WORK REQUIRED
Repeat the data exactly. Pictures are not part of the copy.

RECORDS SHOWN
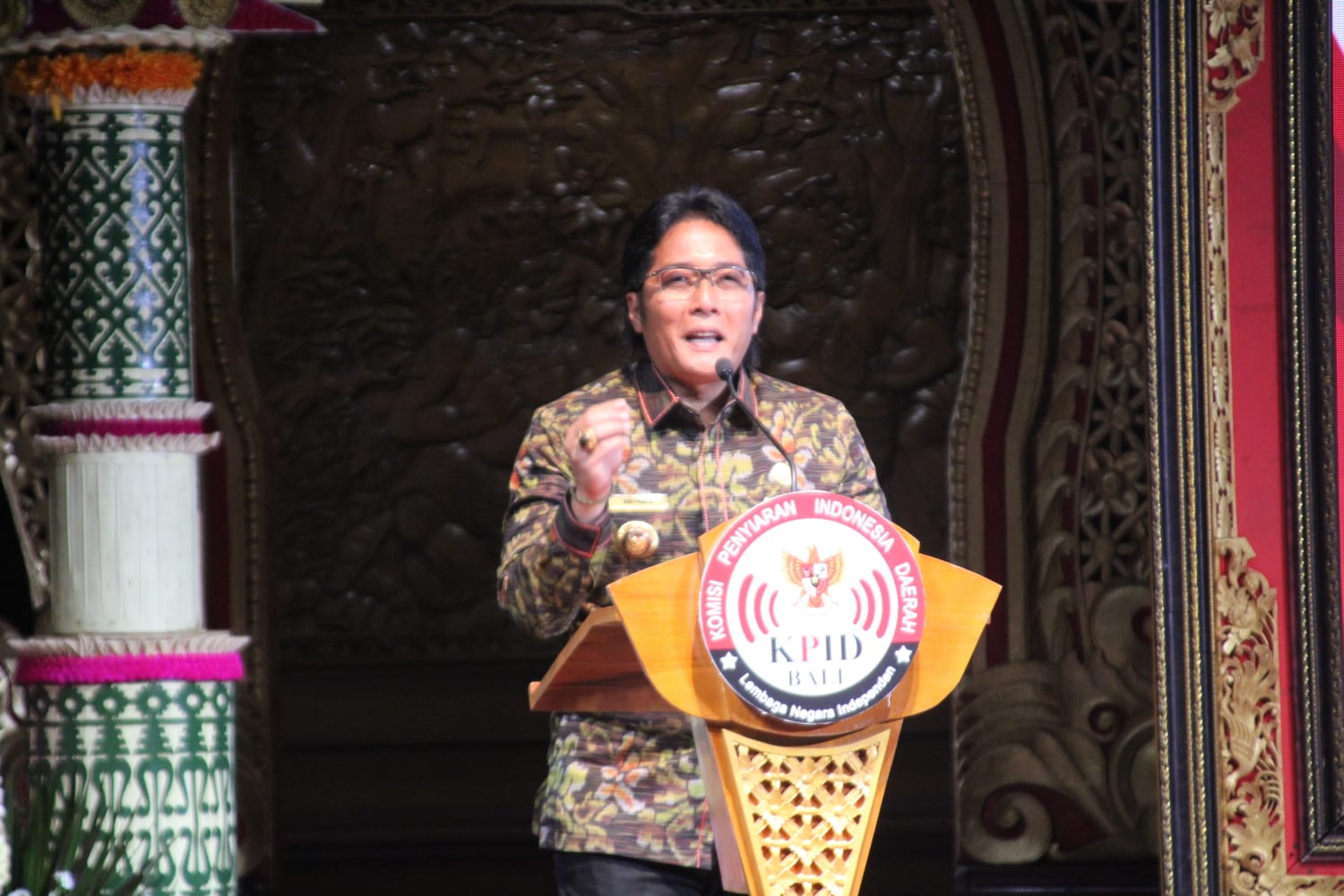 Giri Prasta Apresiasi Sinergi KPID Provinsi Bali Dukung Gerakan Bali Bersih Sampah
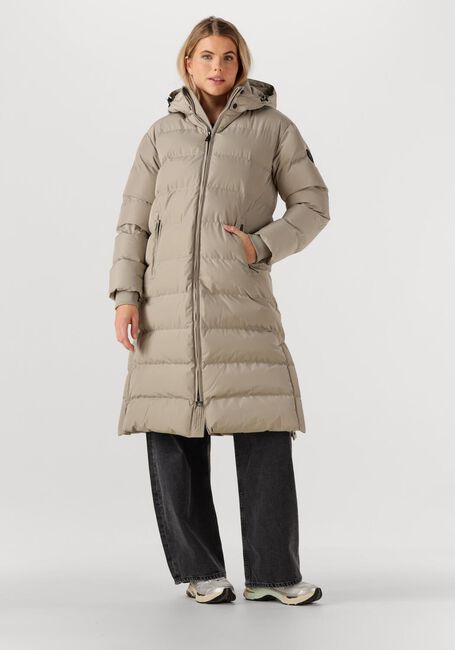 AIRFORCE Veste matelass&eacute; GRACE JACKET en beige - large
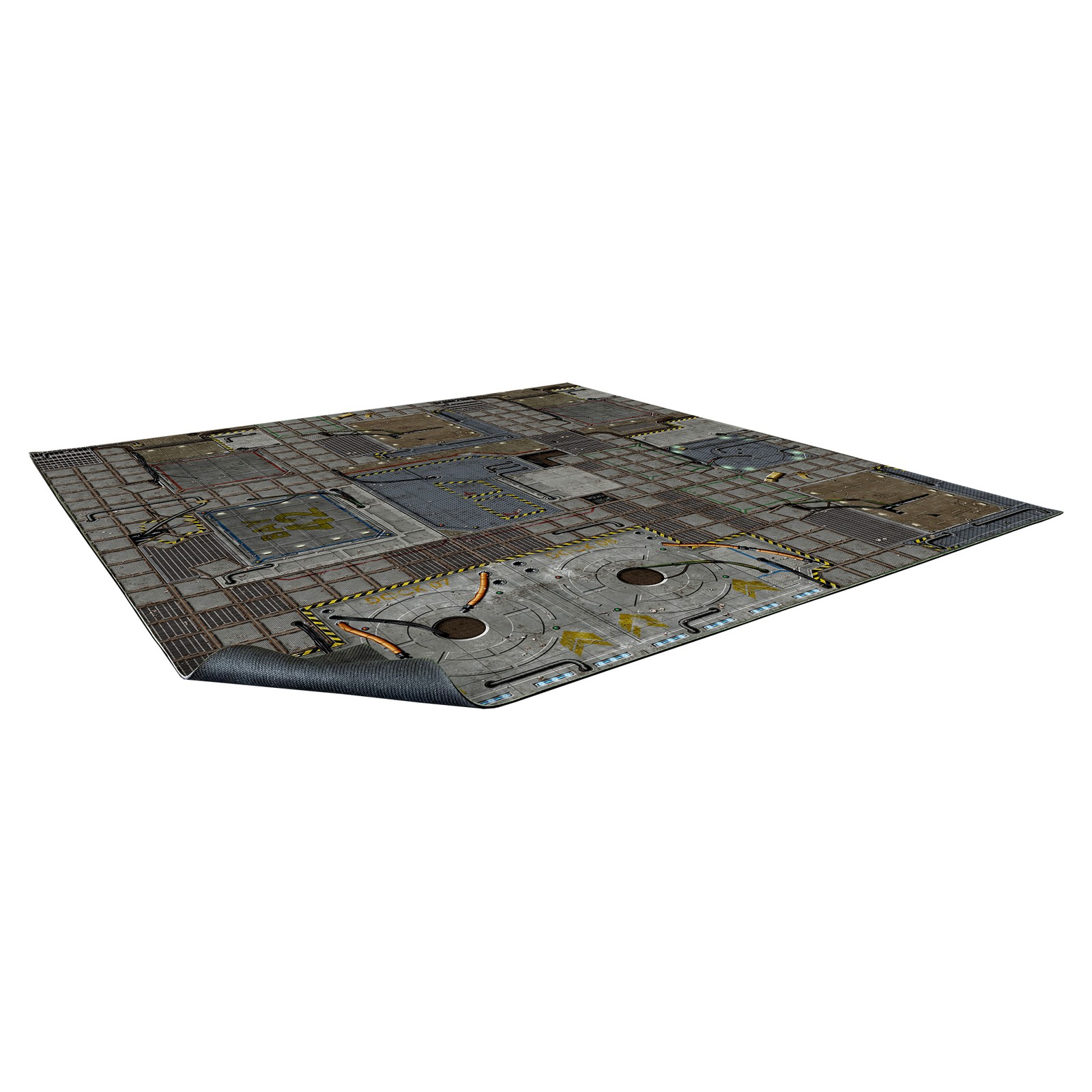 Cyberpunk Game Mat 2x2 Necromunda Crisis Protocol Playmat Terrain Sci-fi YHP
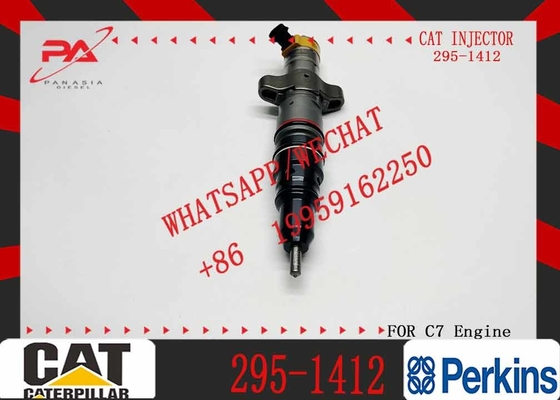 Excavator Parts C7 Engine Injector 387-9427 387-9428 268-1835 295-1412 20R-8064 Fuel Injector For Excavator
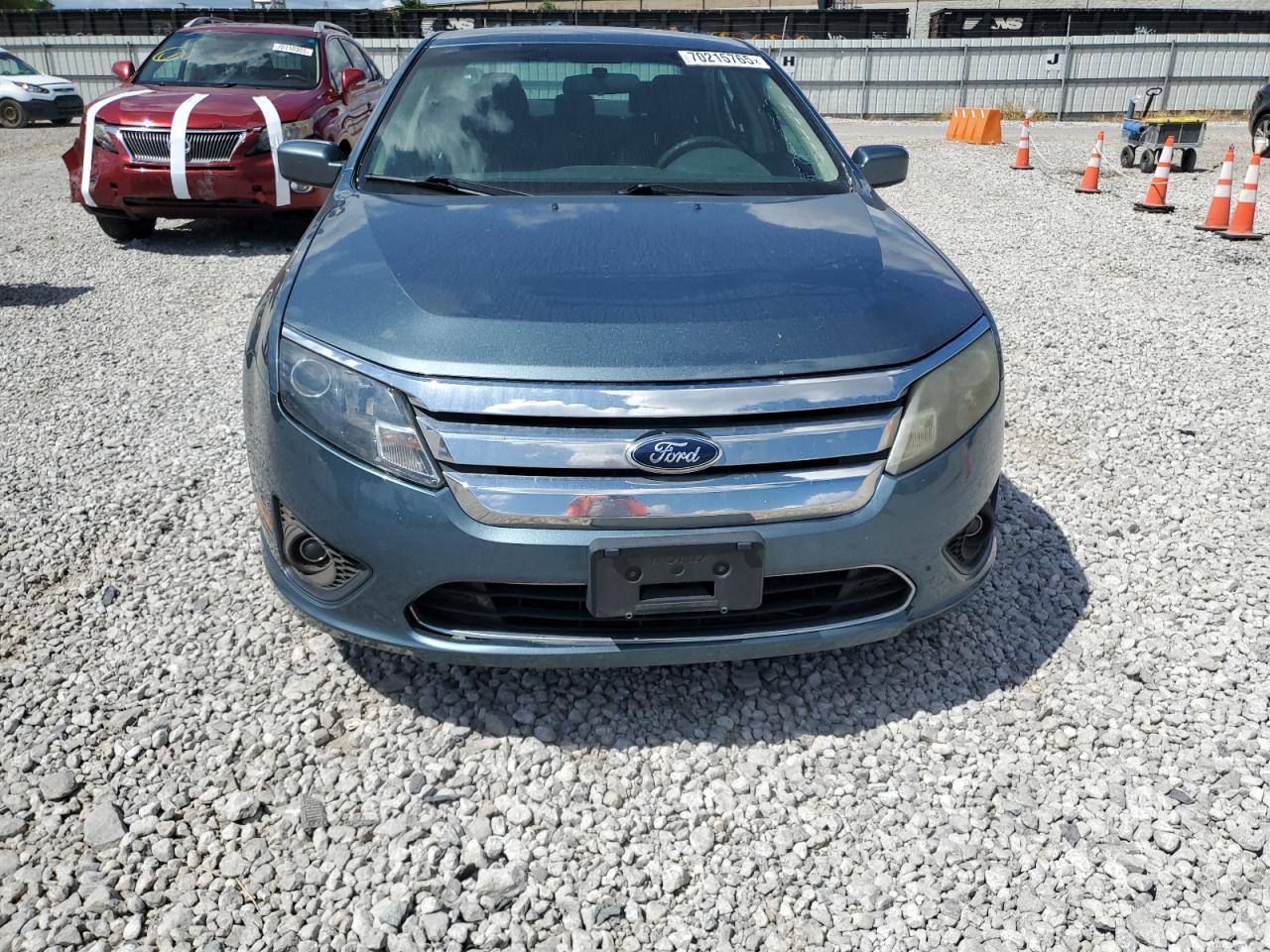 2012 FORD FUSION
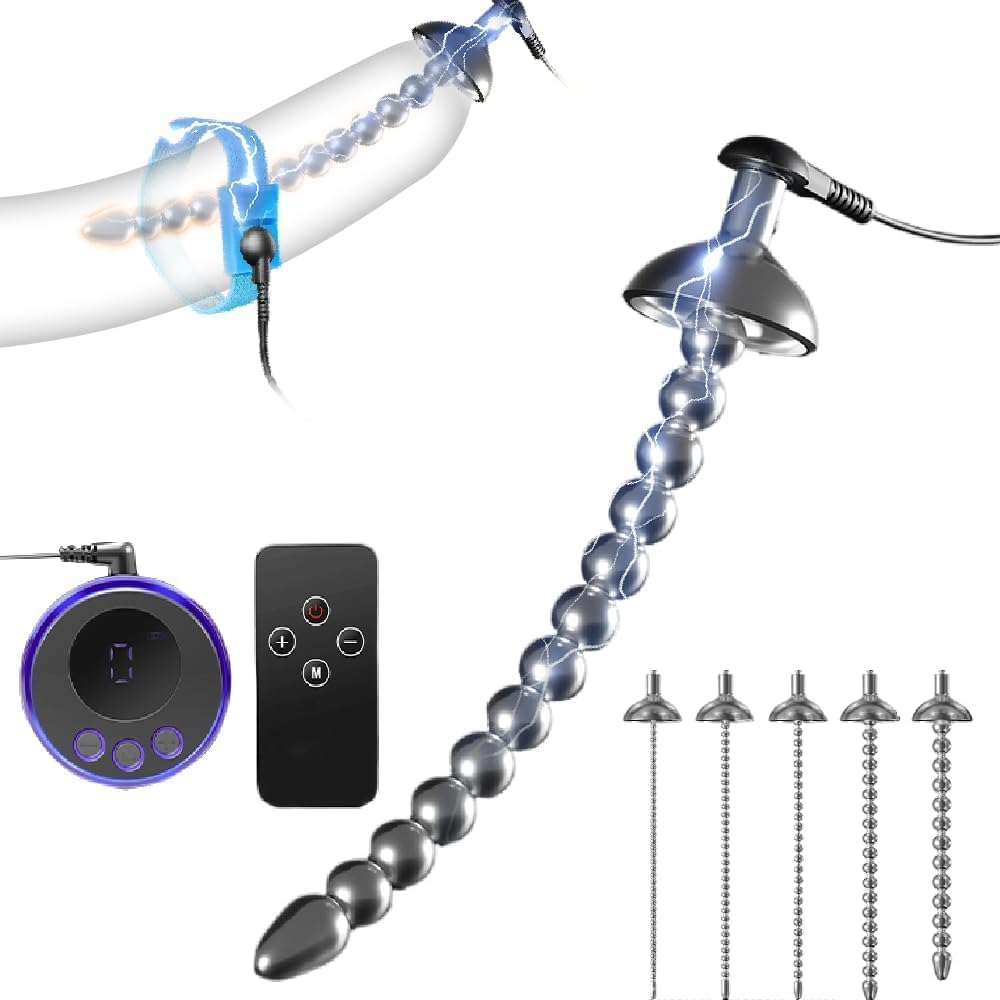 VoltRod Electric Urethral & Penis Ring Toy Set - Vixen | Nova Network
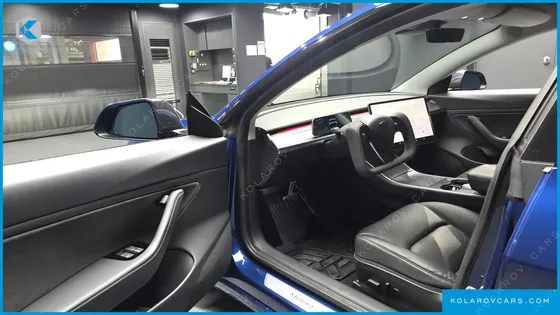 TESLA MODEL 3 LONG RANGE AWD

RESPONSE BELOW
 Giri Prasta Apresiasi Sinergi KPID Provinsi Bali Dukung Gerakan Bali Bersih Sampah
 AIRFORCE Veste matelass&eacute; GRACE JACKET en beige - large
 Cyberpunk Game Mat 2x2 Necromunda Crisis Protocol Playmat Terrain Sci-fi YHP
 Excavator Parts C7 Engine Injector 387-9427 387-9428 268-1835 295-1412 20R-8064 Fuel Injector For Excavator
 2012 FORD FUSION
 VoltRod Electric Urethral & Penis Ring Toy Set - Vixen | Nova Network
 TESLA MODEL 3 LONG RANGE AWD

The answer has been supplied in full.